Foto de Julie Ricard en Unsplash
La invasión de Rusia a Ucrania ha supuesto un shock para todos, especialmente para los jóvenes que pensábamos que no viviríamos nunca una guerra en nuestro suelo. Que el conflicto sea aquí, y no allí - en esos lugares lejanos cuyos problemas ya no nos sorprenden - hace que emerjan debates que, se suponía, en Europa estaban zanjados.
“Eso está pasando, ahora mismo, en la Europa narcicista que cuando se mira en el espejito mágico no encuentra en ninguna parte a nadie más hermoso y libre que ella”, decía David Gistau en 2005. Pero podría, si estuviese entre nosotros, referirse también a la venda que nos ponen en los ojos cuando nacemos en un continente que lleva como bandera la palabra “diversidad”.
Ya son más de 500.000 personas las que han huído de Ucrania, en apenas una semana, hacia países fronterizos como Polonia, Hungría y Eslovaquia. Hay recogidas de alimentos en todas las esquinas y voluntarios para conducir hasta las fronteras con el objetivo de mostrar solidaridad hacia el pueblo ucraniano. Son de los nuestros, claro. No son “refugiados como los que acostumbramos a ver; son rubios y de ojos azules”, como argumentaba un don nadie frente a una cámara hace unos días. Esa es la diversidad de Europa. La que permite que una norteamericana pueda comerse una baguette, llevar boinas de colores y sentirse parisina. La que cantaba Sting en Englishman in New York. Diversidad entre las costumbres de los blancos, entre las ínfimas diferencias que hay entre un joven de Berlín y uno de Milán.
En la frontera de Polonia con Ucrania están negando el paso a estudiantes africanos que intentan, como todos los demás, huir del foco del conflicto. Si no mueren por la guerra, morirán de frío esperando a que la puerta de ese autobús se abra. Igual que todos los sirios que quisieron entrar a Europa en 2015 y siguen atrapados, sin oportunidades, en países como Jordania. Igual que los que llegan en cayuco a las costas canarias, que siempre son menos de los que embarcaron en África. A todos ellos Europa les pide algo a cambio de salvarlos. No se trata, entonces, de solidaridad, sino de un trueque.
Todos presumen de ser muy justos e igualitarios, hasta que una guerra les demuestra que las vidas blancas valen más que las de cualquier otro color. Hasta que les hacen elegir entre dos distintos y, sintiéndose algo culpables, escudan su decisión racista tras el argumento de la proximidad. Derechos Humanos, pero selectivos.

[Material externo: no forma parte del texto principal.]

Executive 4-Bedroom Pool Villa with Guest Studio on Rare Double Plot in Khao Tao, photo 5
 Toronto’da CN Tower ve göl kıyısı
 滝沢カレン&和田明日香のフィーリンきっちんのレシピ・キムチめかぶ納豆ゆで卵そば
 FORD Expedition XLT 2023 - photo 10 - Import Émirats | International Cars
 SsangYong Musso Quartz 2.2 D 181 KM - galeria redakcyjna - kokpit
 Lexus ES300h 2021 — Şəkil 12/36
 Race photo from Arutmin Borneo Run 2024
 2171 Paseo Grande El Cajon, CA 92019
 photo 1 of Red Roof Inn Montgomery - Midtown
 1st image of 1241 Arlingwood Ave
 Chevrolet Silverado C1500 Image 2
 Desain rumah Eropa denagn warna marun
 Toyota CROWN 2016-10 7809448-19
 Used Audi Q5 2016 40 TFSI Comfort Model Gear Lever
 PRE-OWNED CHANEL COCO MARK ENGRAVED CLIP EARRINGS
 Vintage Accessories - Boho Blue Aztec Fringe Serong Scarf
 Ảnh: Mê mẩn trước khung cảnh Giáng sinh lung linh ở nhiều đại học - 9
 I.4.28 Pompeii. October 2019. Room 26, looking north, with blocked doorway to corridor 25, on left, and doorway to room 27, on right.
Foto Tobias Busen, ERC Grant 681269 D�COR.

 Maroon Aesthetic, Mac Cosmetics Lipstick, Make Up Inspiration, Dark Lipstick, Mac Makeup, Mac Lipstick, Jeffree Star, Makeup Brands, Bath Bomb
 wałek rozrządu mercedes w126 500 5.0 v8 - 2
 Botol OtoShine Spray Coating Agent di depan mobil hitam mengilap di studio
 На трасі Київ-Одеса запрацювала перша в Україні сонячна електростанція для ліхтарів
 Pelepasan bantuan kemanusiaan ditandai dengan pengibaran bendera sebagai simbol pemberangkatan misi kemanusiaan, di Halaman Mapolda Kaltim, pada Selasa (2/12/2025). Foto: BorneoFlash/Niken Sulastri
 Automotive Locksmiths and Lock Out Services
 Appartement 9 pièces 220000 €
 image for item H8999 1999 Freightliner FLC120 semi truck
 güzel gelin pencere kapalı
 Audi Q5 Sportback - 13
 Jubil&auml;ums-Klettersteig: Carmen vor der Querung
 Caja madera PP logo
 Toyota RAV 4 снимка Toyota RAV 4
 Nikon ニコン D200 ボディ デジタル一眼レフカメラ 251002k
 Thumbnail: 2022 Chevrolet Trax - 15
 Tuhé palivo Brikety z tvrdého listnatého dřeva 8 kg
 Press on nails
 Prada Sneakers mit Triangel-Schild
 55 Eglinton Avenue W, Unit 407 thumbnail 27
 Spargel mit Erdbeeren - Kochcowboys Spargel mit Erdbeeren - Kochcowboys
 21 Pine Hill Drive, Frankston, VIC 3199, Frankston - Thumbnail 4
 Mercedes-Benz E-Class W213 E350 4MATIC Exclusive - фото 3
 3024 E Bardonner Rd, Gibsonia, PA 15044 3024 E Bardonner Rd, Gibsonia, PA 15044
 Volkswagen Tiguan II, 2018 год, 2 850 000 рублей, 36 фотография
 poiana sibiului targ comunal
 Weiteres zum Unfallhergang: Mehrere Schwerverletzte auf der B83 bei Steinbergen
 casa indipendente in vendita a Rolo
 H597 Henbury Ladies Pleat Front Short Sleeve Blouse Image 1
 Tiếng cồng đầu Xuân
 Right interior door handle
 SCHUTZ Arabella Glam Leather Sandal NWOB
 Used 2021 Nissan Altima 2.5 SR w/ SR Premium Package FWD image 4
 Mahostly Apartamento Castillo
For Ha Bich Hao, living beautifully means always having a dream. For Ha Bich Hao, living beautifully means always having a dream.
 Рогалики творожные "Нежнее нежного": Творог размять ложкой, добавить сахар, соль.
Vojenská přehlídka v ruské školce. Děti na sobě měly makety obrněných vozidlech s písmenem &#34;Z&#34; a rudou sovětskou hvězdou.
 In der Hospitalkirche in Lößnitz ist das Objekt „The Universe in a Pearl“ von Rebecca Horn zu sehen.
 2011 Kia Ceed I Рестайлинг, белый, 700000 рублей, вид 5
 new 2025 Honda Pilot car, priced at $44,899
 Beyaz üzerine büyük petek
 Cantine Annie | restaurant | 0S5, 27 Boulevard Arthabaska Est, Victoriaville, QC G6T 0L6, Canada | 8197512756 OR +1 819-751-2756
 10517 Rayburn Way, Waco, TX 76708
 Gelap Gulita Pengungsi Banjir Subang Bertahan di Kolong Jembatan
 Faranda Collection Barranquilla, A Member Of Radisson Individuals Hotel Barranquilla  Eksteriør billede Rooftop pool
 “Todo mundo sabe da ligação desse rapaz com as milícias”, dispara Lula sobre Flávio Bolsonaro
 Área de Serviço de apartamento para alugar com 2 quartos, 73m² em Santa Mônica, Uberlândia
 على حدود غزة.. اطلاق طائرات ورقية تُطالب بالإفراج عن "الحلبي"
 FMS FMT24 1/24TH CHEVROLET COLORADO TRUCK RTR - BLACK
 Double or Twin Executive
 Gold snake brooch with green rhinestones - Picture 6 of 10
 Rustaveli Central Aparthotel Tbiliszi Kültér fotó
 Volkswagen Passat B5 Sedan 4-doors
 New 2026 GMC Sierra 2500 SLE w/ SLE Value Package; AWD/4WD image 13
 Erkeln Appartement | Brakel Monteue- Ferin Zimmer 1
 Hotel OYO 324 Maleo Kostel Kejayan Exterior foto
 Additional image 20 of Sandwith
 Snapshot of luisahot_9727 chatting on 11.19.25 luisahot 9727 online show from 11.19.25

Tenemos una herencia histórica de discriminación. El viejo continente, ese ideal al que muchos países aspiran, esconde su mugre debajo del felpudo. Sin embargo, ahora solo se necesita un móvil con cámara en el umbral de la puerta para sacar a la luz los valores de cristal de esta nueva versión de Europa. La que está en guerra y acepta refugiados, pero solo de primera clase.